In another drawing room at the opposite end of Castletown—a room that, like Rykov’s, had been swept by his own electronics experts for possible “bugs”—David Lawrence was conferring with Edwin Campbell.
“It’s all yours, Ed. This won’t be like Geneva. The Soviet problems won’t permit endless delays, adjournments, and referring back to Moscow for weeks on end. I estimate they have to have an agreement with us within six months. Either that or they don’t get the grain.
“On the other hand, Sokolov will fight every inch of the way. We know each concession on arms will have to be referred to Moscow, but Moscow will have to decide fast one way or the other, or else the time will run out.
“One last thing. We know Maxim Rudin cannot be pushed too far. If he is, he could fall. But if he doesn’t get the wheat, he could fall, too. The trick will be to find the balance; to get the maximum concessions without provoking a revolt in the Politburo.”

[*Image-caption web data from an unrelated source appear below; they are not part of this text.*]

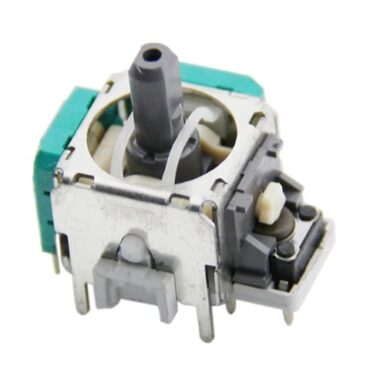 Original Pulled 3D Analog Sticks for XBOX ONE/XBOX ONE SLIM Controller/Green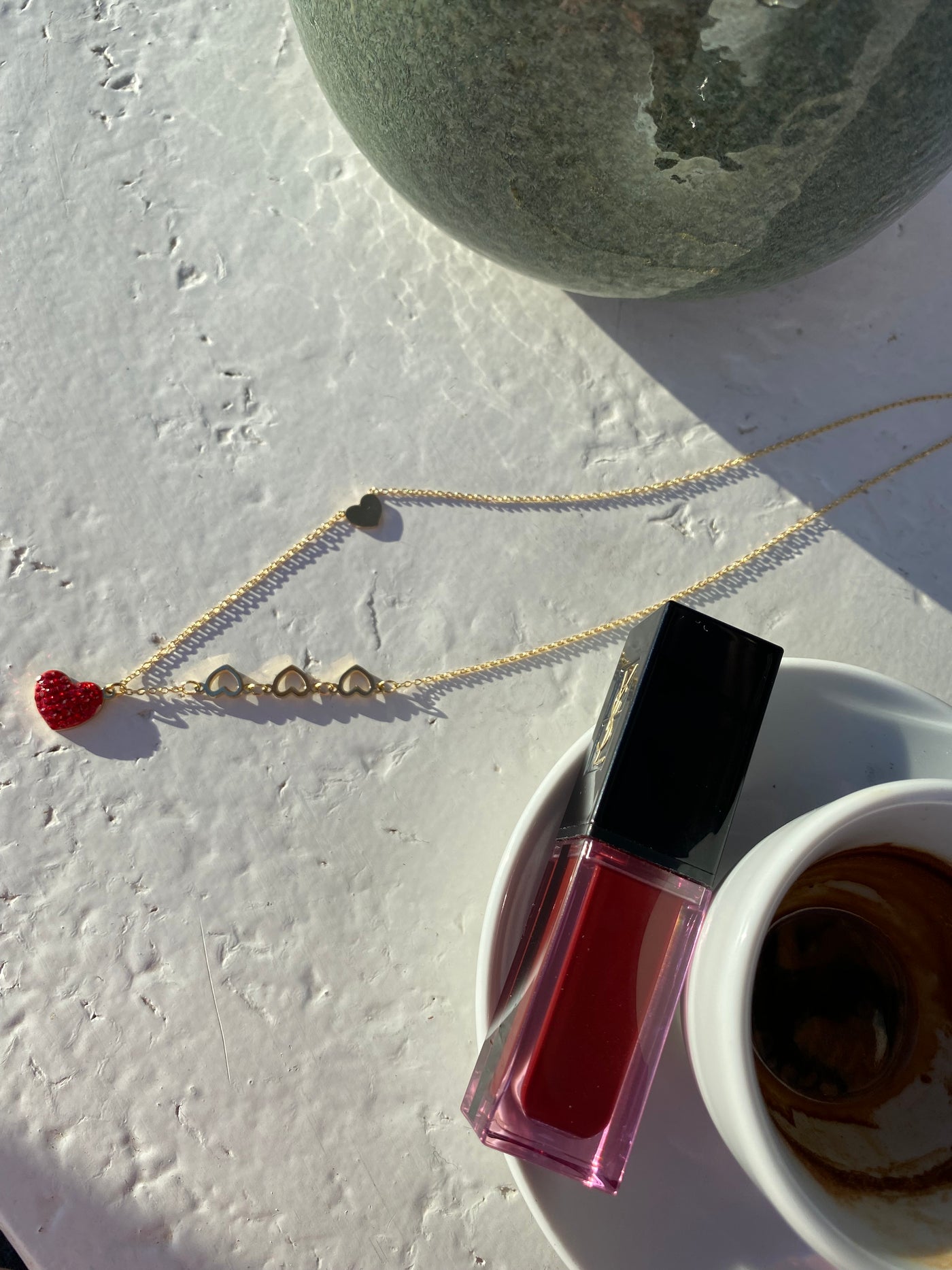 Cœur Necklace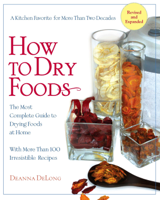 Deanna DeLong - How to Dry Foods artwork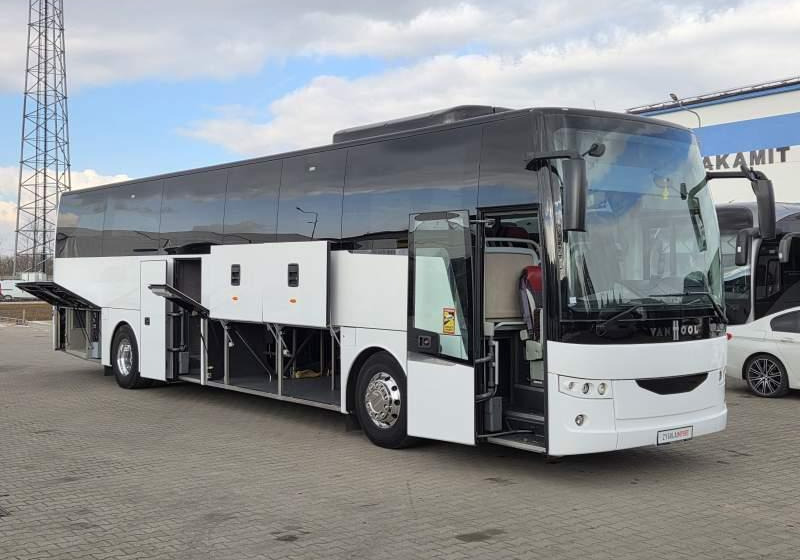 Coach VanHool EX16 / SPROWADZONY Z FR / 65 MIEJSC / 146 000 KM: picture 15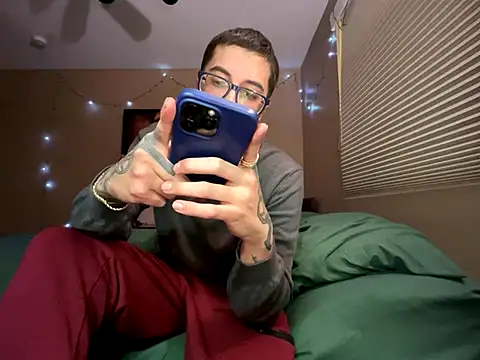 Bwcjoshbanks online show from 11.24.25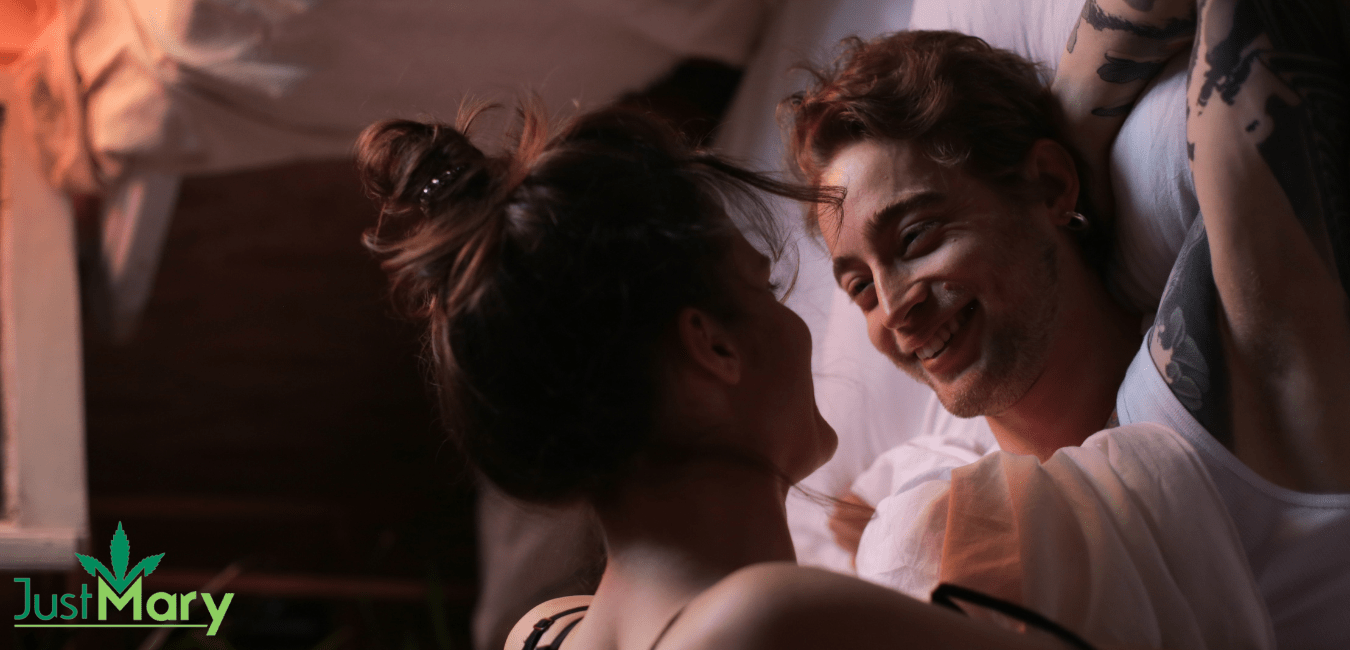 Marijuana e sesso | Cosa succede se fumo erba prima di un rapporto?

Campbell removed his glasses and pinched the bridge of his nose. He had spent four years commuting from Washington to Geneva on the so-far-abortive SALT talks, and he was no newcomer to the problems of trying to negotiate with Russians.
“Hell, David, that sounds fine. But you know how they give nothing of their own inner position away. It would be a hell of a help to know just how far they can be pushed, and where the stop line lies.”
David Lawrence opened his attaché case and withdrew a sheaf of papers. He proffered them to Campbell.
“What are these?” asked Campbell.
Lawrence chose his words carefully.
“Nine days ago in Moscow the full Politburo authorized Maxim Rudin and Dmitri Rykov to begin these talks. But only by a vote of seven against six. There’s a dissident faction inside the Politburo that wishes to abort the talks and bring Rudin down. After the agreement the Politburo laid out the exact parameters of what Professor Sokolov could or could not concede, what the Politburo would or would not allow Rudin to grant. Go beyond the parameters and Rudin could be toppled. If that happened, we would have bad, very bad, problems.”
“So what are the papers?” asked Campbell, holding the sheaf in his hands.
“They came in from London last night,” said Lawrence. “They are the verbatim transcript of that Politburo meeting.”
Campbell stared at them in amazement.